Apparently, people don’t commit violent crimes when it is freezing!

Those relationships are then used to estimate a range of scenarios for future temperature increases and rises in mortality and crime (differentiated by property and violent crime), declines in labour input etc.

 

This produces a rather ominous looking map of the increase in violent crime supposedly triggered by the temperature increase.

But the big issue is mortality. As the paper comments: “Rising mortality in hot locations more than offsets reductions in cool regions, so annual national mortality rates rise ∼5.4 (±0.5) deaths per 100,000 per °C (Fig. 3C). For lower Global Mean Surface Temperature (GMST) changes, this is driven by mortality between ages 1 and 44 and by infant mortality and ages ≥45 for larger GMST increases (fig. S13 and table S12).” To put an increase of 5.4 deaths per 100,000 in perspective, in 2016 mortality in the US was 823.7 deaths per 100,000 population. So a 1 degree temperature increase produces a 0.6 % increase in mortality. That may not seem like a lot, so what happens next is significant. To arrive at the overall estimate of economic costs “the value of nonmarket impacts (deaths and crime)” was “monetized” “using willingness-to-pay or accounting estimates”. In other words they are using actuarial estimates of various kinds derived from life insurance contracts etc. In particular they use the government mandated parameter of $ 7.9 m per life.

Once all the various impacts are translated into a common denominator it turns out that the “economic impact” of climate change above 2 degrees Celsius is, in fact, largely demographic.

Labour supply, crop production are all negatively affected by higher temperatures. Criminality, though it is positively correlated with temperature, washes out. The real hit to the poorer, Southern area will come from poor Southern people dying prematurely!

As the researchers comment: “The greatest direct cost for GMST changes larger than 2.5°C is the burden of excess mortality, with sizable but smaller contributions from changes in labor supply, energy demand, and agricultural production … “. They then continue in a truly remarkable qualification: “It is possible to use alternative approaches to valuing mortality in which the loss of lives for older and/or low-income individuals are assigned lower value than those of younger and/or high-income individuals (44), an adjustment that would alter damages differently for different levels of warming based on the age and income profile of affected individuals (e.g., fig. S13). Here, we focus on the approach legally adopted by the U.S. government for environmental cost-benefit analysis, in which the lives of all individuals are valued equally (37). Because the VSL (Value of a Statistical Life) parameter is influential, challenging to measure empirically, and may evolve in the future, its influence on damages is an important area for future investigation.”

Given that the headline of the research is that poorer parts of the US will be worst affected, this is a highly significant remark. Presumably, if one were to abandon the legally mandated requirement that all individuals should be valued equally, if, instead, one adjusted the value of life parameters fed into the model to take account of the fact that those most likely to die will be poor, the headline conclusion might be rather different.
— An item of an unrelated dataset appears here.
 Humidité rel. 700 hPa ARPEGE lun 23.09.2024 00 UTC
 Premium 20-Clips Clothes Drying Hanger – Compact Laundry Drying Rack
In passing, in this technical aside the modelers acknowledge the brutally discriminatory realities of the century that lies ahead.

And there is more to come. “We have focused on the U.S. economy, although the bulk of the economic damage from climate change will be borne outside of the United States (42), and impacts outside the United States will have indirect effects on the United States through trade, migration, and possibly other channels. In ongoing work, we are expanding SEAGLAS to cover the global economy and to account for additional sectors, such as social conflict (30), in order to construct a global damage function that is essential to estimating the global social cost of carbon and designing rational global climate policies (7, 9).”

The “social conflict sector” will be fascinating.